- Born: 08 August, 1924
- Died: 13 November 2004
- Occupation: Anthropologist

Academic background
- Alma mater: University of Sydney

Academic work
- Discipline: Anthropology

= Mervyn Meggitt =

Australian anthropologist (1924–2004)

Mervyn John Meggitt (20 August 1924 – 13 November 2004 New York State) was an Australian anthropologist and one of the pioneering researchers of highland Papua New Guinea and of Indigenous Australian cultures.

== Early life ==
Born in Warwick, Queensland and educated at the Anglican Church Grammar School (formerly the Church of England Grammar School) in Brisbane, Meggitt served in the Royal Australian Navy during the Second World War. Following demobilisation, he studied psychology and anthropology at the University of Sydney, and between 1953 and 1979, on the suggestion of A. P. Elkin, he carried out research amongst the Warlpiri (Walbiri) of Central Australia and the people of Engan Province, Papua New Guinea.

== Teaching ==
Throughout the 1950s he was a lecturer in anthropology at Sydney, but in the 1960s he took up a position as a professor of anthropology at the City University of New York. His works include The Lineage System of the Mae Engan and Desert People: A Study of the Walbiri Aborigines of Australia. But perhaps his most noted work is "Blood is Their Argument," an intensive analysis of the warfare habits of the Engan tribes. The book is widely considered to be among the first ethnographic studies of warfare.

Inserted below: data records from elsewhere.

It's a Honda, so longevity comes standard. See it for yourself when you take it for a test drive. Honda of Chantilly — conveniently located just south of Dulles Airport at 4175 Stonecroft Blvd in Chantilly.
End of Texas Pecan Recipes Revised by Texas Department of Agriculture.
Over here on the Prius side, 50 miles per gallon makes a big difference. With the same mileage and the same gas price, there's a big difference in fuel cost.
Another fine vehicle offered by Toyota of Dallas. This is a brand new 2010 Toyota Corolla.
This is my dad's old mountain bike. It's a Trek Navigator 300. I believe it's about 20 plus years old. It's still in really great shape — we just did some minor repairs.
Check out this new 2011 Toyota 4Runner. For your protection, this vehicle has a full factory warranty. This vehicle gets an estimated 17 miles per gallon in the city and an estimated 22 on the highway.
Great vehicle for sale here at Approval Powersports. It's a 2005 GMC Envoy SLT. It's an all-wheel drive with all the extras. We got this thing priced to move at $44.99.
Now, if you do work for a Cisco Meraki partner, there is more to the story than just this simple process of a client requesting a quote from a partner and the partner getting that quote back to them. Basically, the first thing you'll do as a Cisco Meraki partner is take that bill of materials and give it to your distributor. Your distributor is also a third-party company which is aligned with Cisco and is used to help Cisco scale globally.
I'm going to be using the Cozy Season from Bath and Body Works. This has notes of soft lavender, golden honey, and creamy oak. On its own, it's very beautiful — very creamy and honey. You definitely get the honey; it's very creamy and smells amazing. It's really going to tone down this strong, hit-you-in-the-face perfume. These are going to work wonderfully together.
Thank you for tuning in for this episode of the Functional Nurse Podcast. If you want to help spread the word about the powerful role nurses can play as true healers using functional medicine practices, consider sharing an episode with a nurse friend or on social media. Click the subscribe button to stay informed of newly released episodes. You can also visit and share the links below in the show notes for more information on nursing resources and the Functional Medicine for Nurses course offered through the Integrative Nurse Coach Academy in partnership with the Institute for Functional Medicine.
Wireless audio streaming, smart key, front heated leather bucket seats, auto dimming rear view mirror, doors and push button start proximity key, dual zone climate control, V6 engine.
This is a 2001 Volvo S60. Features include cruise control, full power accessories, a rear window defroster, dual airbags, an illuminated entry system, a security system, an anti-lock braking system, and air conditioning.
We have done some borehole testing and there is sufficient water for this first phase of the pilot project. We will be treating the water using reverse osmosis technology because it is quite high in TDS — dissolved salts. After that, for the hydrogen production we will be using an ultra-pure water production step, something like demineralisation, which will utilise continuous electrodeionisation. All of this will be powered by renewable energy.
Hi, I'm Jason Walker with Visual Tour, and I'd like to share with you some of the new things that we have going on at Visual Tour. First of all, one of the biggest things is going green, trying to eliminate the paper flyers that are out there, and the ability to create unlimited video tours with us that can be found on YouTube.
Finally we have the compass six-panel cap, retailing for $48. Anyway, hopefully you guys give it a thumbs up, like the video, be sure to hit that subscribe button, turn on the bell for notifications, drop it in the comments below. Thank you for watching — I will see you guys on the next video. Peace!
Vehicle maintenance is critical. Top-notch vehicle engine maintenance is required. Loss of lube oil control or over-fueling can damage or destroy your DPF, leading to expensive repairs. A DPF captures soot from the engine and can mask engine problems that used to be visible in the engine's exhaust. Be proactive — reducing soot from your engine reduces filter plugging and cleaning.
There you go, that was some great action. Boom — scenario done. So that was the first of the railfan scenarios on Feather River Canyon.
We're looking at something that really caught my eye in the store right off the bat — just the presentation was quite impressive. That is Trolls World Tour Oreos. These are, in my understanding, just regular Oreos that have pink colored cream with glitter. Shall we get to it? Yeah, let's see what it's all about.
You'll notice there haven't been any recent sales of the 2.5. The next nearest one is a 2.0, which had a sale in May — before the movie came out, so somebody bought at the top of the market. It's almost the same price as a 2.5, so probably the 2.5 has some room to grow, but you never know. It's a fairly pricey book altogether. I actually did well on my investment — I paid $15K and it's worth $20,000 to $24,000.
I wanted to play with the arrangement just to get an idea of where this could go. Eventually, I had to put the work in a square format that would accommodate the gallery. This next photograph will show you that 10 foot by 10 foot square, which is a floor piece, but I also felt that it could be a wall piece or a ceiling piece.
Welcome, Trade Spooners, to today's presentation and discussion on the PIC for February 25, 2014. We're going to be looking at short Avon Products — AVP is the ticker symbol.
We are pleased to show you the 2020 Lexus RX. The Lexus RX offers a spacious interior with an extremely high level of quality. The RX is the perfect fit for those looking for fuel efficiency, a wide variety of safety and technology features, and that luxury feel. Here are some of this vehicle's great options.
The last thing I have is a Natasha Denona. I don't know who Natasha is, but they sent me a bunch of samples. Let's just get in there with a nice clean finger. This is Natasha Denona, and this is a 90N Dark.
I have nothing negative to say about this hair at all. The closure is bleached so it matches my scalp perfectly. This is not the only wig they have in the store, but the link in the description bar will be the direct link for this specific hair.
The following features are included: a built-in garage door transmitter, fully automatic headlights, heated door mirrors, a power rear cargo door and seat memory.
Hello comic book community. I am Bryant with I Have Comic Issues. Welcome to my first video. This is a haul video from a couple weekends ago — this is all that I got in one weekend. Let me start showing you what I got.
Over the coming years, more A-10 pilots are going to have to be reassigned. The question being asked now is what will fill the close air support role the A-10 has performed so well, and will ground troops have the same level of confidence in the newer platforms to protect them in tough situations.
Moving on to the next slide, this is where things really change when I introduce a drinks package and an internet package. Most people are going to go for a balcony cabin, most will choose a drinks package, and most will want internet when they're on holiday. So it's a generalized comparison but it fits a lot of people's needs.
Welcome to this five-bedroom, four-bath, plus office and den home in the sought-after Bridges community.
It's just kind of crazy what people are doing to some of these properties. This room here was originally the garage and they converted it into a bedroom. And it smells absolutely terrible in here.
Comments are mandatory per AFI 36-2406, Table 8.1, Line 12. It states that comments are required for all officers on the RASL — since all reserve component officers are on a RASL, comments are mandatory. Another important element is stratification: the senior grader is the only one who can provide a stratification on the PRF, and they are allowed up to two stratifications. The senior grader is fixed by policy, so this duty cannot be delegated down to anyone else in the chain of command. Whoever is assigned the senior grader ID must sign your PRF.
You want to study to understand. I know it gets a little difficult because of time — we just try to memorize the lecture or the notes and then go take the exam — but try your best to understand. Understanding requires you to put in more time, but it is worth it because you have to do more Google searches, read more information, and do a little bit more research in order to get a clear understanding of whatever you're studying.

In his work on the people of Enga in Papua New Guinea Meggitt found a firmly patrilineal system. This was unusual as compared to other highland groups, which tended to be organized on a basis of residence as well as descent. Restudies of his material as well the Engan suggest that Meggitt overstated the case, and the Engan may be more like other highland groups than was thought in previous decades. In his 1970 doctoral dissertation, Arthur Saxe used Meggitt's observations to form the basis of what became known as the Saxe–Goldstein hypothesis, a general prediction about the relationship between social organization and funerary practices.